> **Work to complete**: Would you transcribe each entry precisely as it stands, setting aside any images?

Annotated photo localization data:

= Beginning of Section =

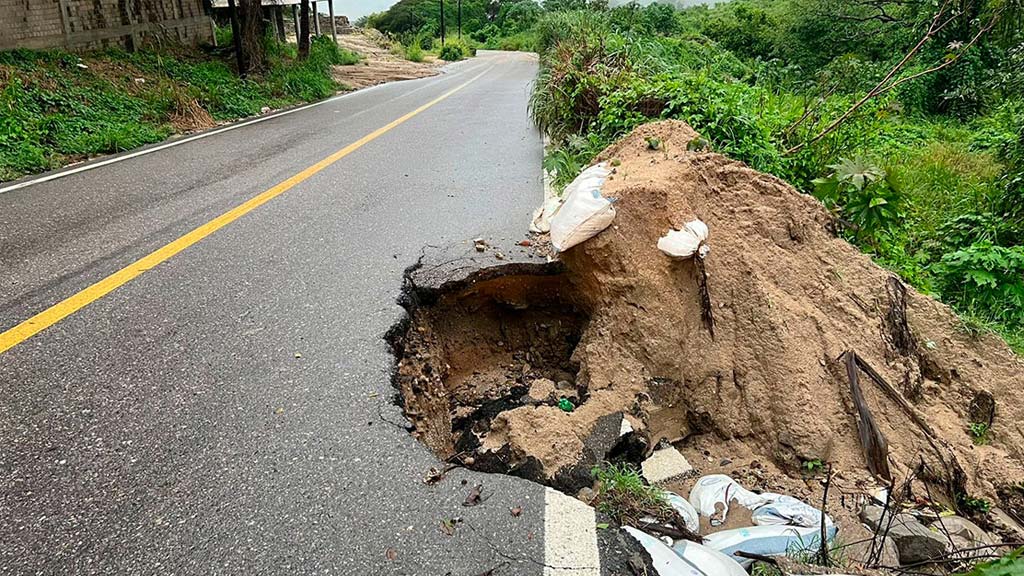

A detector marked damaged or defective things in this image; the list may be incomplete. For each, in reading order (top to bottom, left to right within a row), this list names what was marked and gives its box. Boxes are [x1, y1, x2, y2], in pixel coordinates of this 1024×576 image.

torn sandbag [548, 161, 610, 251]
torn sandbag [659, 217, 708, 258]
cracked asphalt [0, 50, 569, 573]
torn sandbag [663, 491, 704, 532]
torn sandbag [688, 471, 770, 524]
torn sandbag [753, 491, 831, 528]
torn sandbag [618, 524, 749, 573]
torn sandbag [704, 524, 839, 565]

= End of Section =

> **Task response**:
A detector marked damaged or defective things in this image; the list may be incomplete. For each, in reading order (top to bottom, left to right within a row), this list names what was marked and gives its box. Boxes are [x1, y1, x2, y2], in pixel coordinates of this 1024×576 image.

torn sandbag [548, 161, 610, 251]
torn sandbag [659, 217, 708, 258]
cracked asphalt [0, 50, 569, 573]
torn sandbag [663, 491, 704, 532]
torn sandbag [688, 471, 770, 524]
torn sandbag [753, 491, 831, 528]
torn sandbag [618, 524, 749, 573]
torn sandbag [704, 524, 839, 565]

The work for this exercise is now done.